O porta-aviões São Paulo tem 266 metros de comprimento. Seu armamento era composto de três lançadores duplos de mísseis e metralhadoras de grosso calibre. O amianto era usado como isolante térmico e acústico, para reduzir o barulho da decolagem das aeronaves para a tripulação.

Ao confirmar a decisão de afundar, o Ministério da Defesa disse que, diante da "deterioração das condições de flutuabilidade" e da "inevitabilidade de afundamento espontâneo", não seria possível adotar outra conduta "que não o alijamento do casco".

No recurso, a Procuradoria alega que "a decisão judicial proferida em primeiro grau não apresenta evidências técnico-científicas de que o afundamento de outros navios construídos até 2011 (caso do porta-aviões São Paulo), igualmente com grande quantidade de amianto, não tenha comprometido o meio ambiente". O MPF argumenta ainda que "o desconhecimento da extensão do dano ao patrimônio ambiental é circunstância que impõe a adoção da medida de cautela, e não o contrário".

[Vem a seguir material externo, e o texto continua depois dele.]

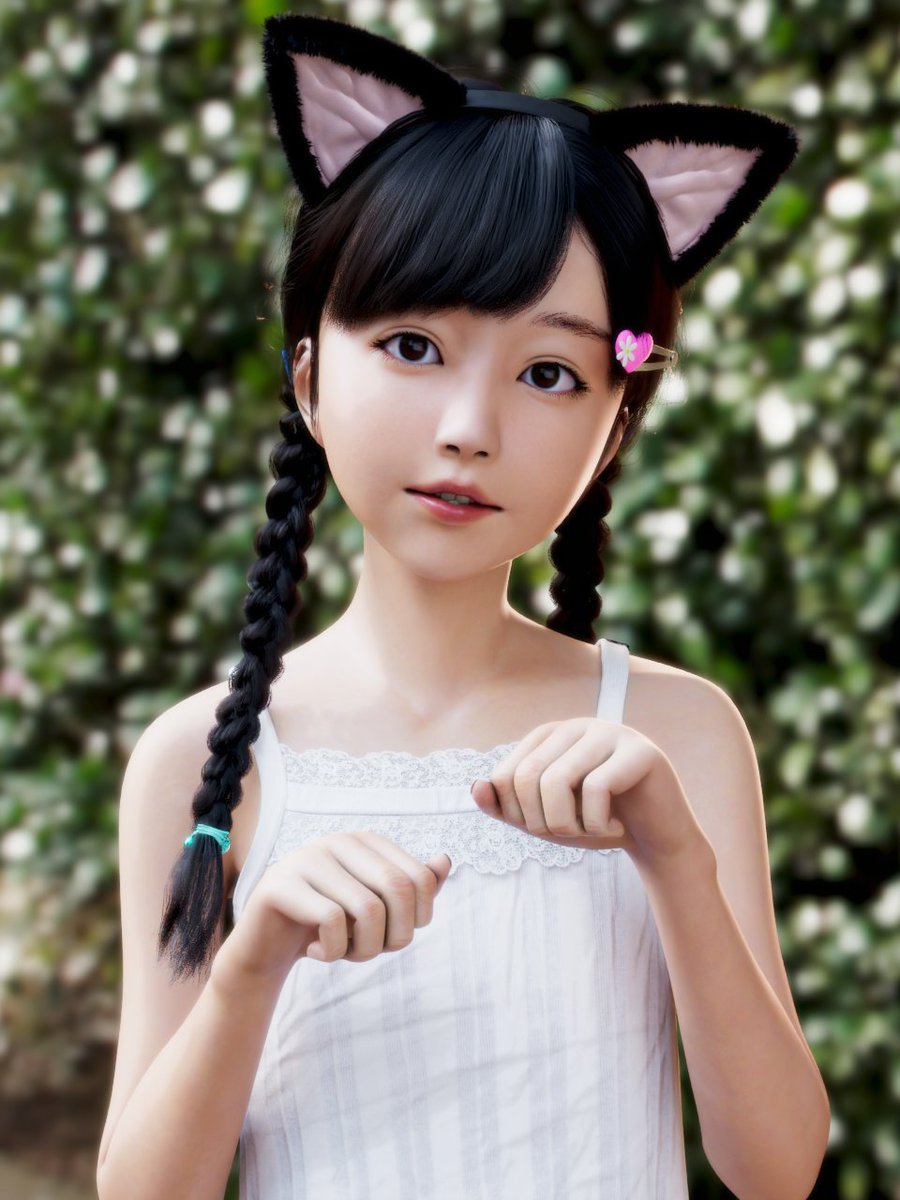 NijiiroBambi's tweet photo. 猫の日なので！ https://t.co/TsI2sbXqtK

A ação foi motivada pela notícia de que o afundamento da embarcação estava programado para quarta-feira (1º), o que terminou não ocorrendo até o momento. O objetivo do MPF, conforme consta no processo, é evitar que o afundamento cause "dano irreparável ao meio ambiente marinho, à saúde pública da população e consequências sanitárias irreversíveis".

Na ação, o MPF requer ainda que o Ministério da Defesa promova estudos técnicos para a adequada destinação do casco, mediante descarte, sem riscos ao meio ambiente e à saúde pública, ou pela venda do ex-navio a alguma empresa com condições para fazer os reparos necessários ao descarte seguro.

A proposta do grupo saudita pelo caso foi feita na última segunda-feira (30), após a Folha de S.Paulo revelar que a Marinha planejava afundar a embarcação diante do avançado grau de degradação do antigo aeródromo.

Os sauditas haviam oferecido um valor três vezes maior que o feito pelo estaleiro turco Sök Denizcilik and Ticaret Limited. A companhia chegou a assinar o contrato de aquisição com a Marinha, mas decidiu devolver o porta-aviões após a Turquia vetar a entrada da embarcação em seu território.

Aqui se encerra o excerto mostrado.